* REQUIRED ACTION
Your answer is to be the exact text of the lines from the one containing "トップス SMALL FLOWER" through the final line of the entries, restated in full, with pictures omitted.

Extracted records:
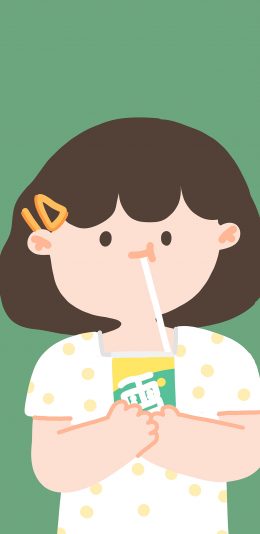 [2436x1125]雪碧 小女孩 绿色 饮料 吸管 苹果手机动漫壁纸图片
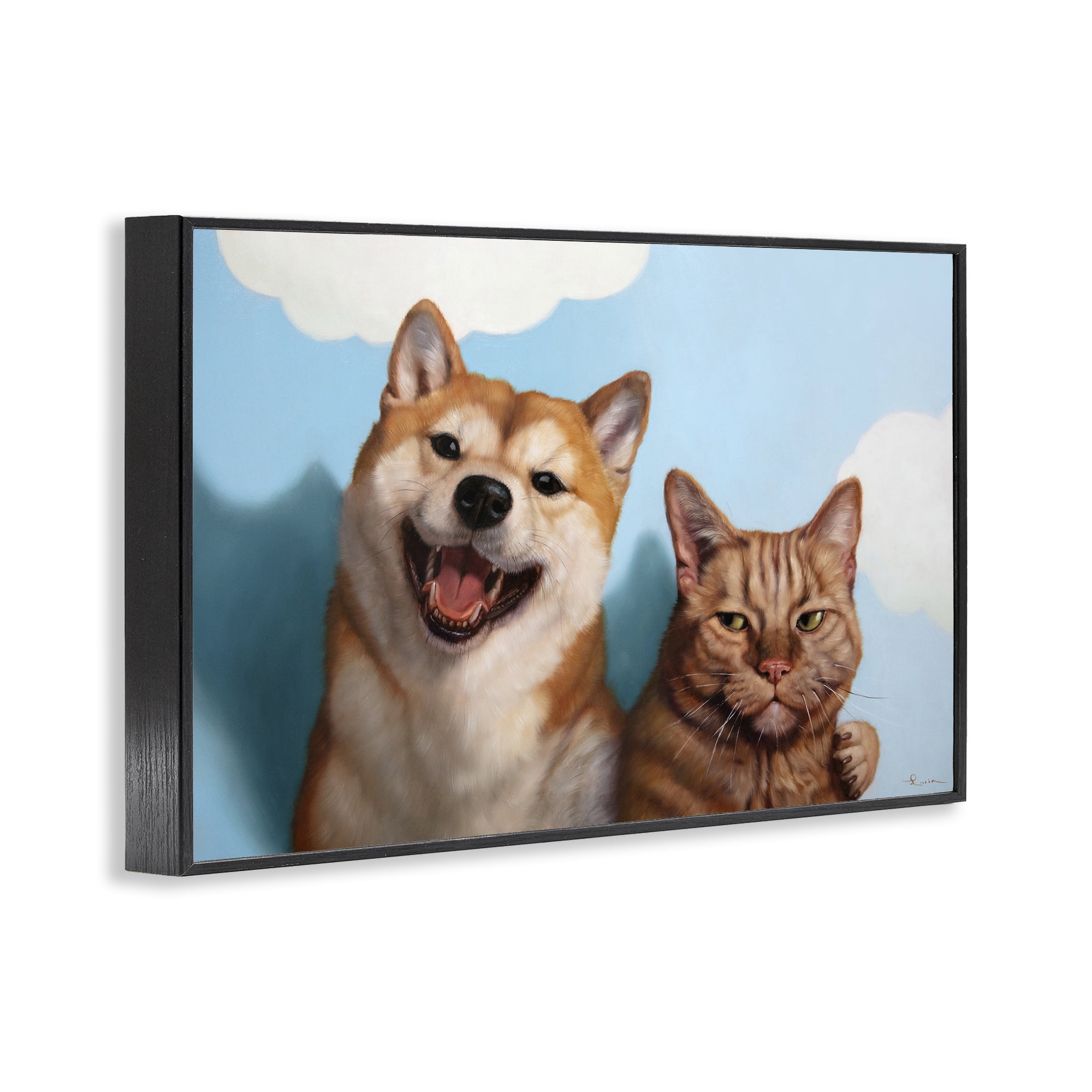 Stupell Industries Adopted Brother Dog & Cat Black Framed Giclee Art, design by Lucia Heffernan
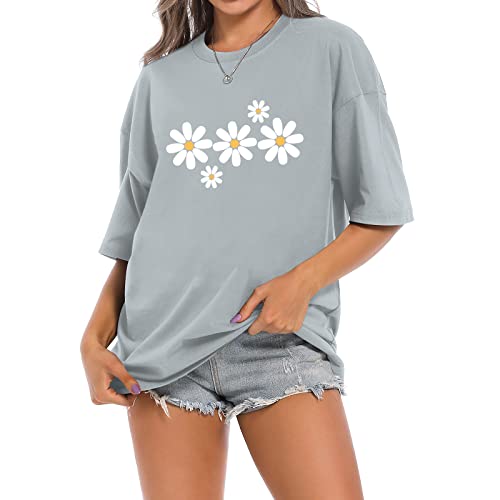 トップス SMALL FLOWER OVER SHIRT JOHNNY WAS Blooming Breeze Floral Print Crew Neck Short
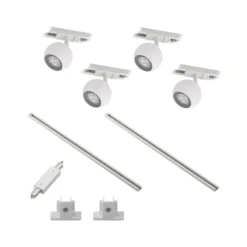 Sistema de riel Lindby Linaro, GU10, 4 luces, blanco, Ø 9 cm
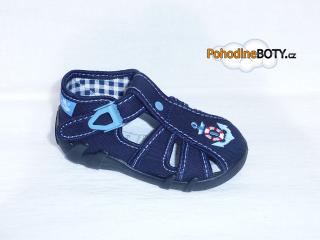 Kotníčkové textilní sandálky Renbut (Nazo tm. modré chlapecké)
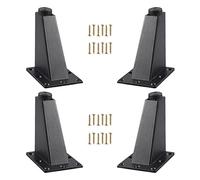 ACRaBoss Patas Ajustables para Muebles (8, 9,2 Y 10 Cm), Patas de Mesa de Metal para Bricolaje, para Armarios, Sofás, Mesitas de Noche Y Escritorios, Color/Negro, 4 Piezas de Repuesto con Tornillos./B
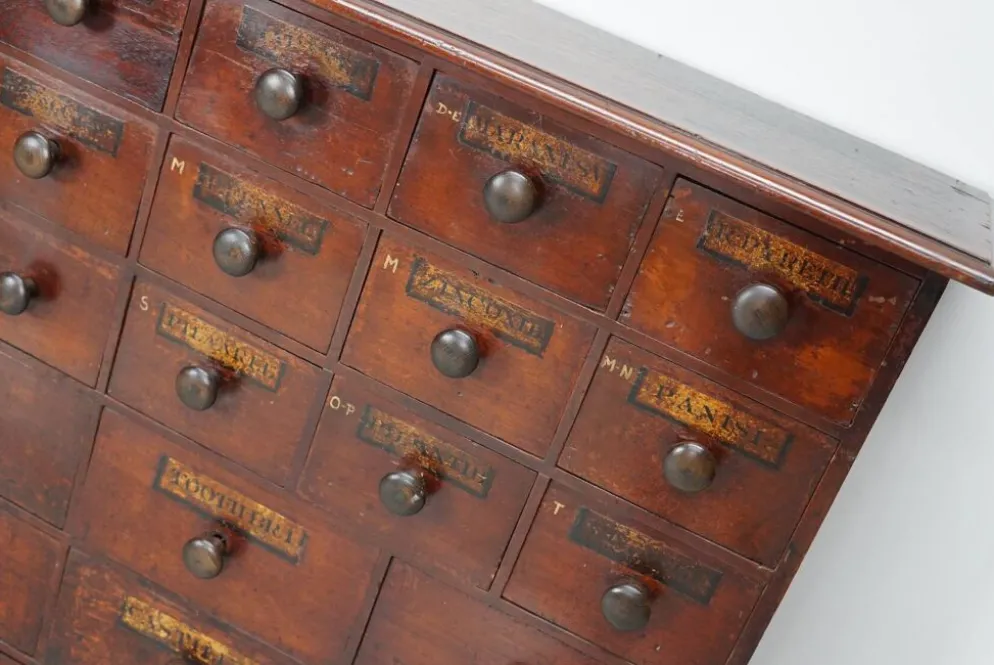 Armoire d'apothicaire / commode à tiroirs en bois dur antique, Angleterre, XIXe siècle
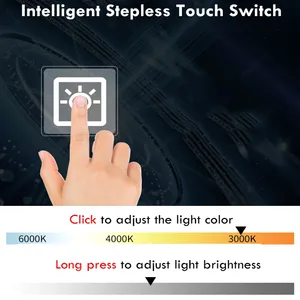 Espejo de baño con forma de luna redonda de 40/50/60cm, luz LED ajustable de 3 colores con altavoz Bluetooth desempañador, espejo de maquillaje inteligente - Product Image 4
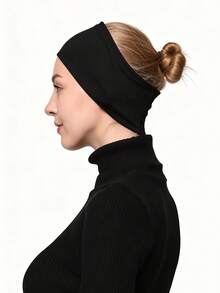 1pc Middle Eastern Arabic Dubai Turkish Classic Minimalist Solid Color Soft Skin-Friendly Breathable Comfortable Elastic Wide Band Sweat-Absorbing Non-Slip Multi-Function Hair Band Inner Headband Hijab Caps, Suitable For Sports, Yoga, Fitness, Makeup And Daily Wear - Black - View 1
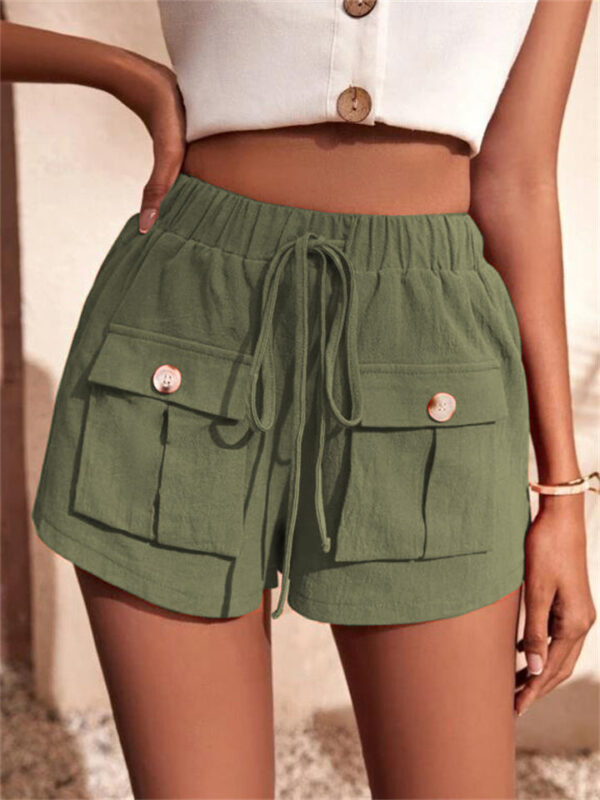 Summer Patch Pocket Drawstring Sports Shorts for Women - Image 3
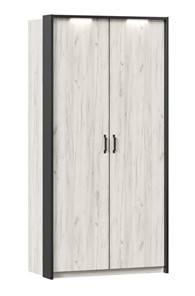 Шкаф 2х-дверный Техно с паспарту, Дуб крафт белый в Ставрополе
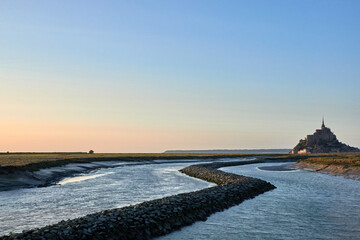 Iconic Mont Saint Michel Island Abbey Normandy France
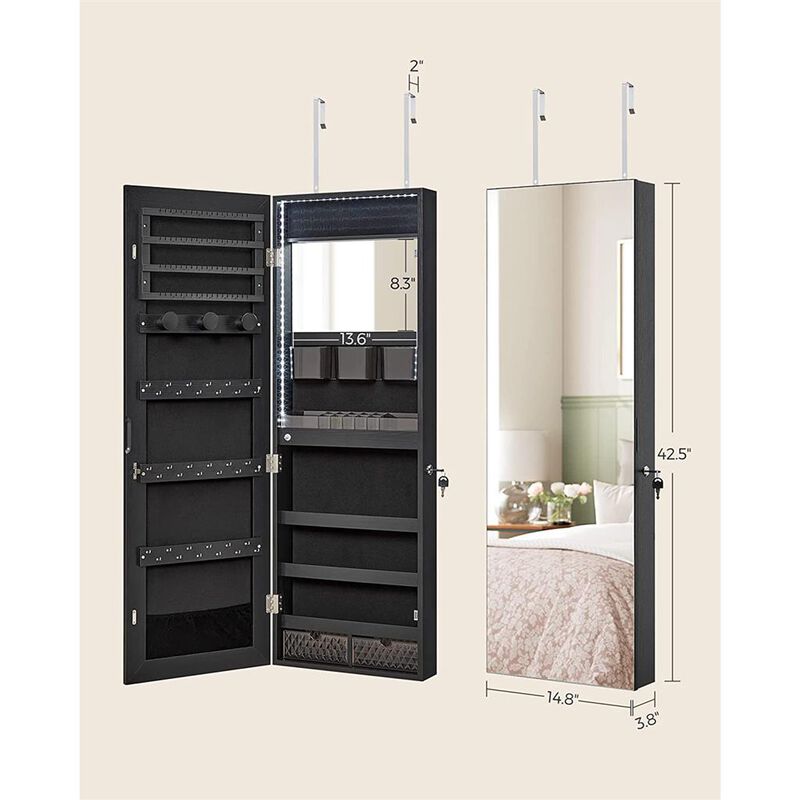 Freestanding Jewelry Armoire Organizer with LED Mirror &ndash; Lockable Storage Cabinet with Drawers, Hooks & Shelves for Bedroom image number 8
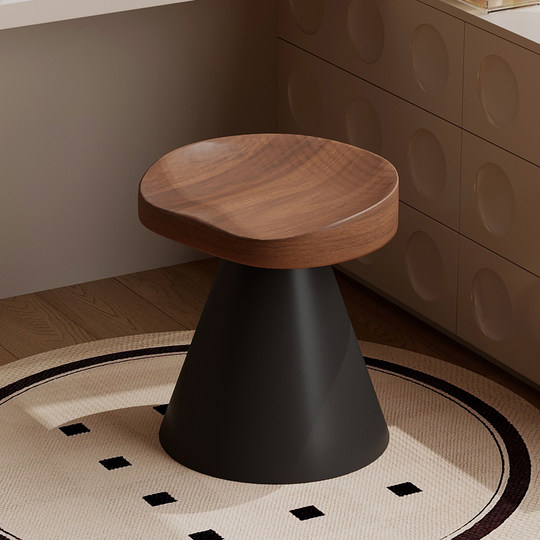 Taburete de maquillaje giratorio antiguo de madera maciza Zusai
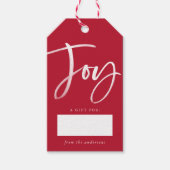 Modern Joy Script Rood Cadeaulabel (Voorkant)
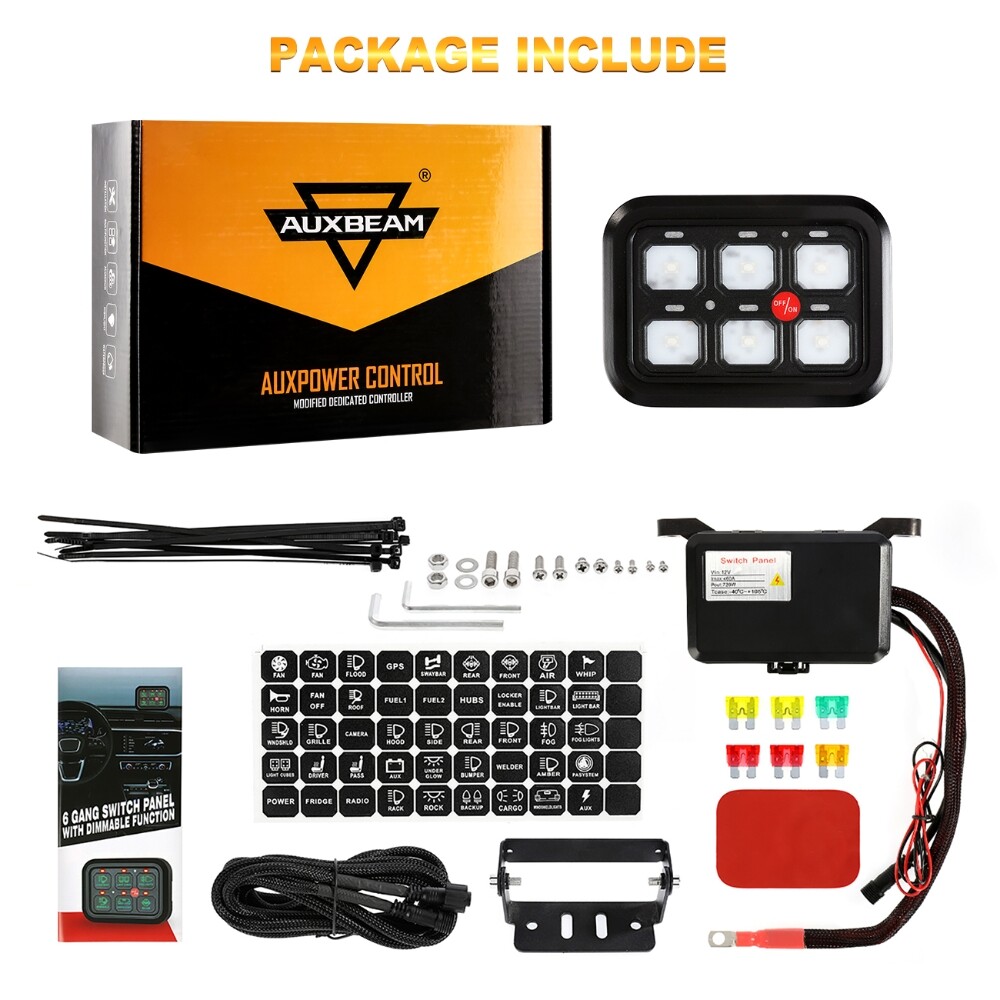 AUXBEAM 6 Gang Switch Panel LED Light Electronic Relay Circuit Control System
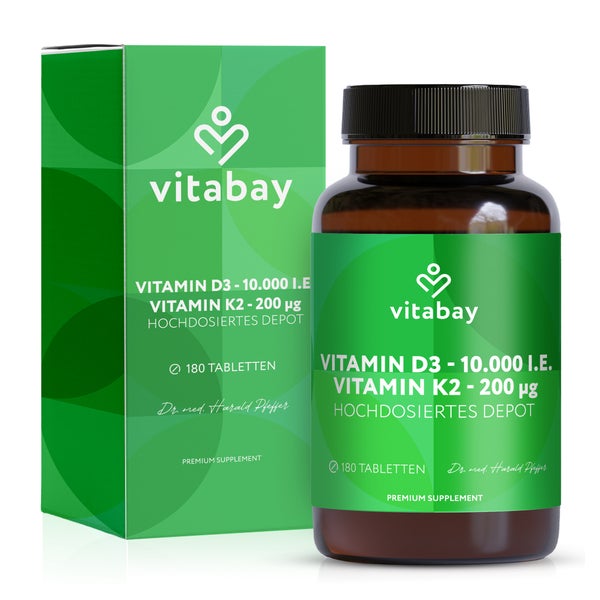 Vitabay Vitamin D3 10000 I.E. + K2 200 mcg Depot Tabletten 180 St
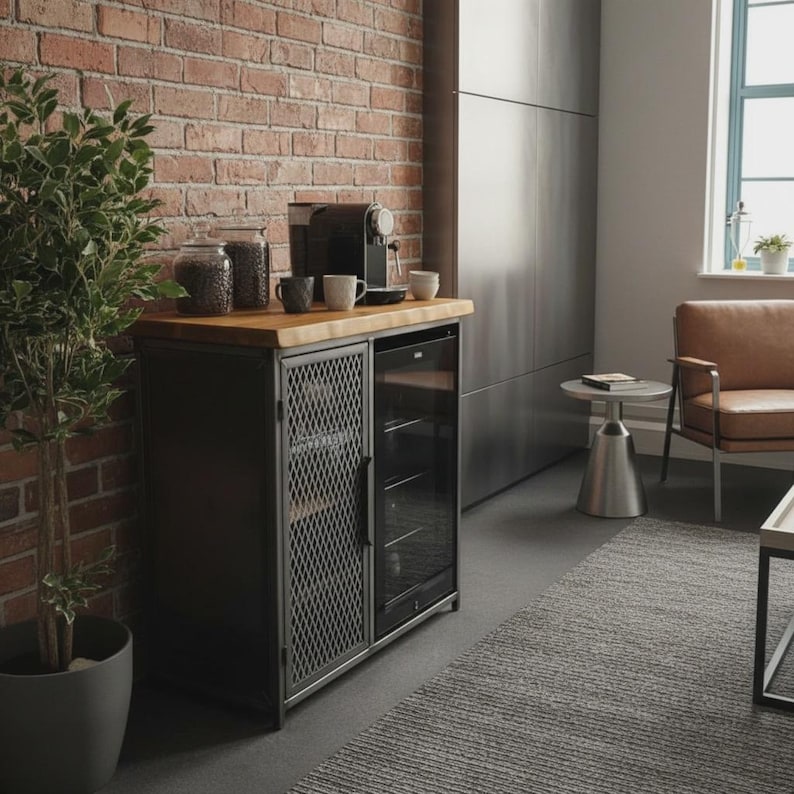 Industrial Style Sideboard with Beer Cooler Fridge - Drinks Cabinet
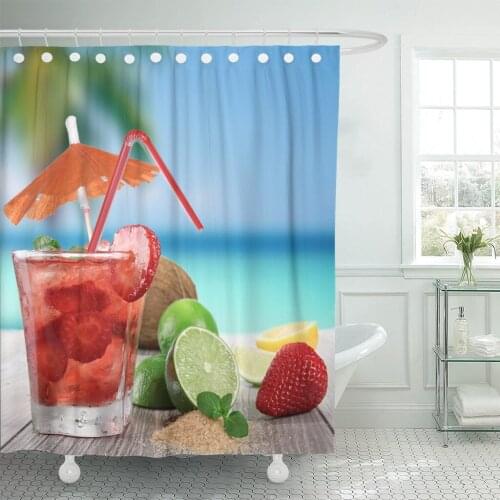 Green Drink Fruit Cocktail on Beach Summer Shower Curtain Polyester Fabric 72 x 72 Inches Set with Hooks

* TASK OUTPUT
 トップス SMALL FLOWER OVER SHIRT JOHNNY WAS Blooming Breeze Floral Print Crew Neck Short
 Sistema de riel Lindby Linaro, GU10, 4 luces, blanco, Ø 9 cm
 Kotníčkové textilní sandálky Renbut (Nazo tm. modré chlapecké)
 ACRaBoss Patas Ajustables para Muebles (8, 9,2 Y 10 Cm), Patas de Mesa de Metal para Bricolaje, para Armarios, Sofás, Mesitas de Noche Y Escritorios, Color/Negro, 4 Piezas de Repuesto con Tornillos./B
 Armoire d'apothicaire / commode à tiroirs en bois dur antique, Angleterre, XIXe siècle
 Espejo de baño con forma de luna redonda de 40/50/60cm, luz LED ajustable de 3 colores con altavoz Bluetooth desempañador, espejo de maquillaje inteligente - Product Image 4
 1pc Middle Eastern Arabic Dubai Turkish Classic Minimalist Solid Color Soft Skin-Friendly Breathable Comfortable Elastic Wide Band Sweat-Absorbing Non-Slip Multi-Function Hair Band Inner Headband Hijab Caps, Suitable For Sports, Yoga, Fitness, Makeup And Daily Wear - Black - View 1
 Summer Patch Pocket Drawstring Sports Shorts for Women - Image 3
 Шкаф 2х-дверный Техно с паспарту, Дуб крафт белый в Ставрополе
 Iconic Mont Saint Michel Island Abbey Normandy France
 Freestanding Jewelry Armoire Organizer with LED Mirror &ndash; Lockable Storage Cabinet with Drawers, Hooks & Shelves for Bedroom image number 8
 Taburete de maquillaje giratorio antiguo de madera maciza Zusai
 Modern Joy Script Rood Cadeaulabel (Voorkant)
 AUXBEAM 6 Gang Switch Panel LED Light Electronic Relay Circuit Control System
 Vitabay Vitamin D3 10000 I.E. + K2 200 mcg Depot Tabletten 180 St
 Industrial Style Sideboard with Beer Cooler Fridge - Drinks Cabinet
 Green Drink Fruit Cocktail on Beach Summer Shower Curtain Polyester Fabric 72 x 72 Inches Set with Hooks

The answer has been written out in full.